1. The Macbook Air. Drool... this is my next laptop. Apple had to be creative to make this thing as thin as it is. They even shrunk the CPU packaging to make the 1.6 and 1.8 MHz Intel Core 2 Duo take up a bare minimum of space. The hard drive is either an 80 GB 1.8 inch model (much like that in the iPod Classic) or a 64 GB solid state version (which costs a pretty penny, that version of the Macbook Air costs over a grand more). The keyboard is full size, unlike many other micro laptops, and the screen is 13.3 inches.

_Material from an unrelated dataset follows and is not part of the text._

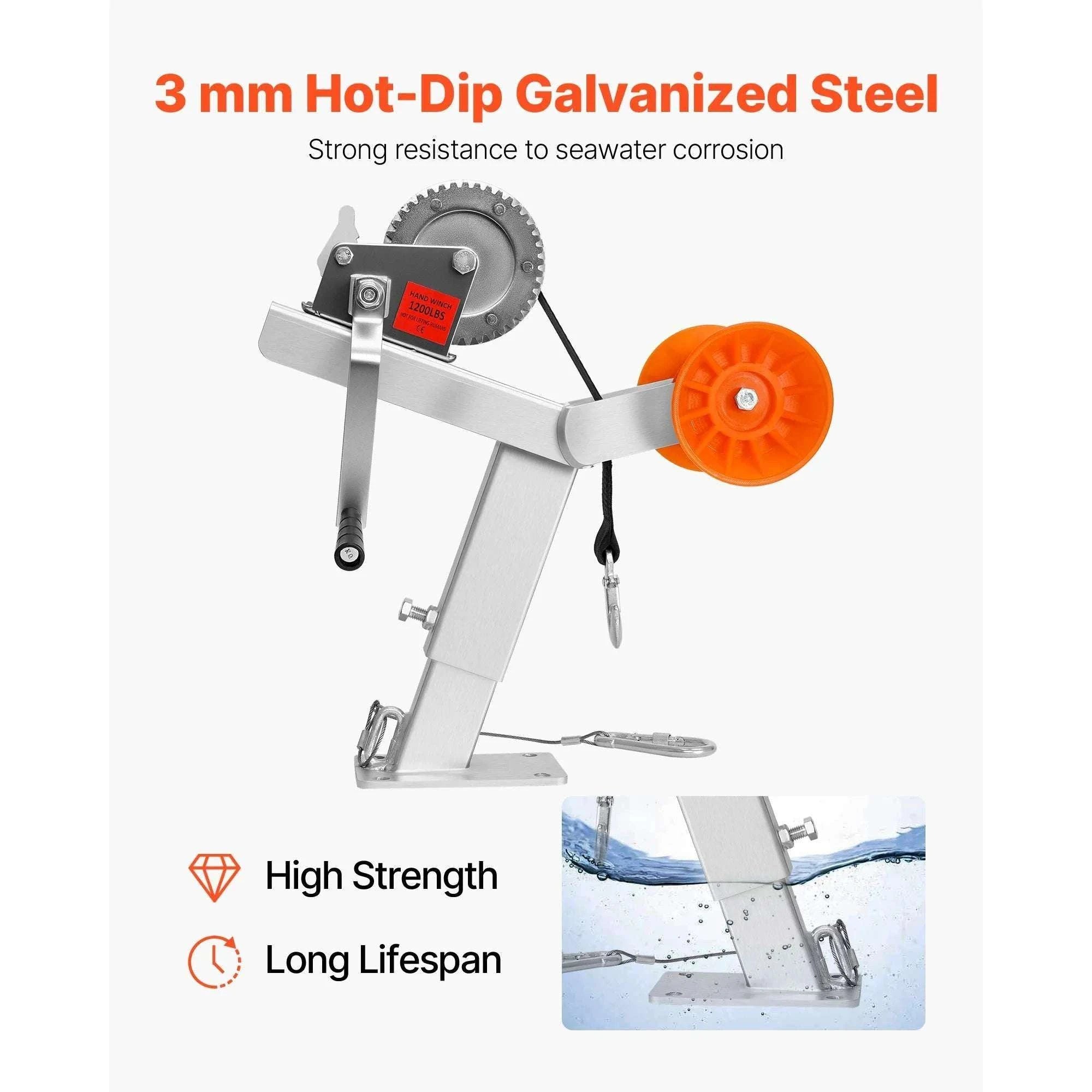 Boat Trailer Winch Stand 1200 lb with Roller & 25 ft Strap-With Winch / United States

Some things had to go entirely, namely the optical drive. People have been flipping out about this, but to me using a peripheral is not the end of the world, I rarely use the optical drive as is, and the thickness of optical drives is a major factor in why conventional laptops haven't been getting any thinner.

Another popular bitching point is the lack of an ethernet port for wired internet connectivity. Personally, going portable and sans wires is the whole point of buying a laptop. I suppose it depends on how reliable your wireless is, if you've got to deal with a buggy router it might be a problem, but that is a router issue not a problem with the laptop. In case you're wondering, the Air uses 802.11n draft 2.0 (will somebody call the IEEE and tell them to finalize this standard already?). Its backwards compatible with a/b/g and even has Bluetooth.

This is the best looking laptop I have ever seen. Silver seems to be the order of the day, which is easy because the case is made of aluminum anyway, although there are a couple of photos on the Apple website that hint at a black version. The screen is glass and lacks the lead and cadmium usually found in displays, and the motherboard is PCP free.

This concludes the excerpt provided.